Getting image source signatures
Copying blob 943ea0f0c2e4 done   |
Copying blob 7cf63256a31a done   |
Copying blob bf9acace214a done   |
Copying blob 513c3649bb14 done   |
Copying blob d014f92d532d done   |
Copying blob 9dd21ad5a4a6 done   |
Copying blob 103f50cb3e9f done   |
Copying config b52e0b094b done   |
Writing manifest to image destination
b52e0b094bc0e26c9eddc9e4ab7a64ce0033c3360d8b7ad4ff4132c4e03e8f7b
@smc-r09-03:~$ podman images
REPOSITORY               TAG         IMAGE ID      CREATED      SIZE
docker.io/library/nginx  latest      b52e0b094bc0  4 weeks ago  196 MB
@smc-r09-03:~$

Run ROCm Docker image using Podman

The following command launches rocm/pytorch-training:v25.5 docker image in interactive mode using podman, mounting $HOME directory as /workdir and invoking bash at startup.

podman run -it --privileged --network=host --ipc=host -v $HOME:/workdir -v /shared/data:/shared/data -v /shared/apps:/shared/apps --workdir /workdir docker://rocm/pytorch-training:v25.5 bash

This will pull the image and start an interactive session.

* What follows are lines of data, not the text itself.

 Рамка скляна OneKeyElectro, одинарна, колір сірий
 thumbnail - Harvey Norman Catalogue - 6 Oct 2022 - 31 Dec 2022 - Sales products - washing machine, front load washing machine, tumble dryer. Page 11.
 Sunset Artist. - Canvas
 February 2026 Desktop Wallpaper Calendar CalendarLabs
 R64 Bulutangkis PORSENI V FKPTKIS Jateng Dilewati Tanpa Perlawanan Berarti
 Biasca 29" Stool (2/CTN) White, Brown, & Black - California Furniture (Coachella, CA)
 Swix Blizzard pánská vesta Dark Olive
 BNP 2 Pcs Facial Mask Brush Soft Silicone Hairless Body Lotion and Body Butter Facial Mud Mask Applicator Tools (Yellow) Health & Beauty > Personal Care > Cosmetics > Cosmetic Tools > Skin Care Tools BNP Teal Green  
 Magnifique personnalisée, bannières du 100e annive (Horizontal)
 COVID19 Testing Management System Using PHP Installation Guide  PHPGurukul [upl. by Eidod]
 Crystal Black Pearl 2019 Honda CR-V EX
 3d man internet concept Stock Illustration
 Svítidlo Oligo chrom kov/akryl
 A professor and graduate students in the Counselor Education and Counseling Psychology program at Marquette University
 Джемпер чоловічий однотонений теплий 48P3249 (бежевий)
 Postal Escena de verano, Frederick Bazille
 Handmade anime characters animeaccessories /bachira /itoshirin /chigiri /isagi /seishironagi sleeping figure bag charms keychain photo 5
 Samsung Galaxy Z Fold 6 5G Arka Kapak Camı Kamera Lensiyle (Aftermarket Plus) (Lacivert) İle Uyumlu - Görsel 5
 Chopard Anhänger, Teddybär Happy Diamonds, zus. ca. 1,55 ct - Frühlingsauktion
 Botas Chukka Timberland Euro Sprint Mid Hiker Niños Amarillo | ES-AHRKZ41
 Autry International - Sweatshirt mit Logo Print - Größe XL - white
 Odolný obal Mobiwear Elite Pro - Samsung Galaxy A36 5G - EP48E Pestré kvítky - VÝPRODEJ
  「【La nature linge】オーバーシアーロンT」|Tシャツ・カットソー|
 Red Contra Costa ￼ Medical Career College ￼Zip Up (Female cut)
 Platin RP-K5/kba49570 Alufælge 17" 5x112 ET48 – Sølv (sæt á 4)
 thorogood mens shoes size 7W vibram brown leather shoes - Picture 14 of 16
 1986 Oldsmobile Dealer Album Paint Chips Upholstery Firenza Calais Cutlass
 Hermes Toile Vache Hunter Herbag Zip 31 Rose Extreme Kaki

Compile and debug sample application hellowgpu.cpp using Docker environment

The following example shows navigating to the src/ directory under $HOME (mounted as /workdir in the Podman environment), compiling the hellowgpu.cpp sample, launching rocgdb to debug, and exiting the debugger.

root@gpu-node:/workdir# cd src/
root@gpu-node:/workdir/src# ls
a.out hello.c hellowgpu.cpp python
root@gpu-node:/workdir/src# which hipcc
/opt/rocm/bin/hipcc
root@gpu-node:/workdir/src# hipcc -g hellowgpu.cpp
root@gpu-node:/workdir/src# rocgdb ./a.out
GNU gdb (rocm-rel-5.7-98) 13.2
Copyright (C) 2023 Free Software Foundation, Inc.
License GPLv3+: GNU GPL version 3 or later <http://gnu.org/licenses/gpl.html>
This is free software: you are free to change and redistribute it.
There is NO WARRANTY, to the extent permitted by law.
Type "show copying" and "show warranty" for details.
This GDB was configured as "x86_64-pc-linux-gnu".
Type "show configuration" for configuration details.
For bug reporting instructions, please see:
<https://github.com/ROCm-Developer-Tools/ROCgdb/issues>.
Find the GDB manual and other documentation resources online at:
<http://www.gnu.org/software/gdb/documentation/>.
For help, type "help".
Type "apropos word" to search for commands related to "word"...
Reading symbols from ./a.out...
(gdb) break main
Breakpoint 1 at 0x20e7e7: file hellowgpu.cpp, line 20.
(gdb) run
Starting program: /workdir/src/a.out
[Thread debugging using libthread_db enabled]
Using host libthread_db library "/lib/x86_64-linux-gnu/libthread_db.so.1".
Breakpoint 1, main (argc=1, argv=0x7fffffffe598) at hellowgpu.cpp:20
20 if (argc > 1)
(gdb) bt
#0 main (argc=1, argv=0x7fffffffe598) at hellowgpu.cpp:20
(gdb) quit
A debugging session is active.
Inferior 1 [process 261] will be killed.
Quit anyway? (y or n) y
root@gpu-node:/workdir/src

Exit the Podman session to native Slurm module environment

The following shows exiting the ROCm Podman environment back to the native SSH shell prompt.

root@gpu-node:/workdir/src# exit
exit
@gpu-node:~$

Release the allocated AMD GPU compute node to terminate the session

The following shows releasing the allocated node back to the Slurm queue and returning to the Slurm login node shell.

@gpu-node:~$ exit
exit
Job Ended Successfully
salloc: Relinquishing job allocation 59093
@pl1vm1pctlgpu-node02:~$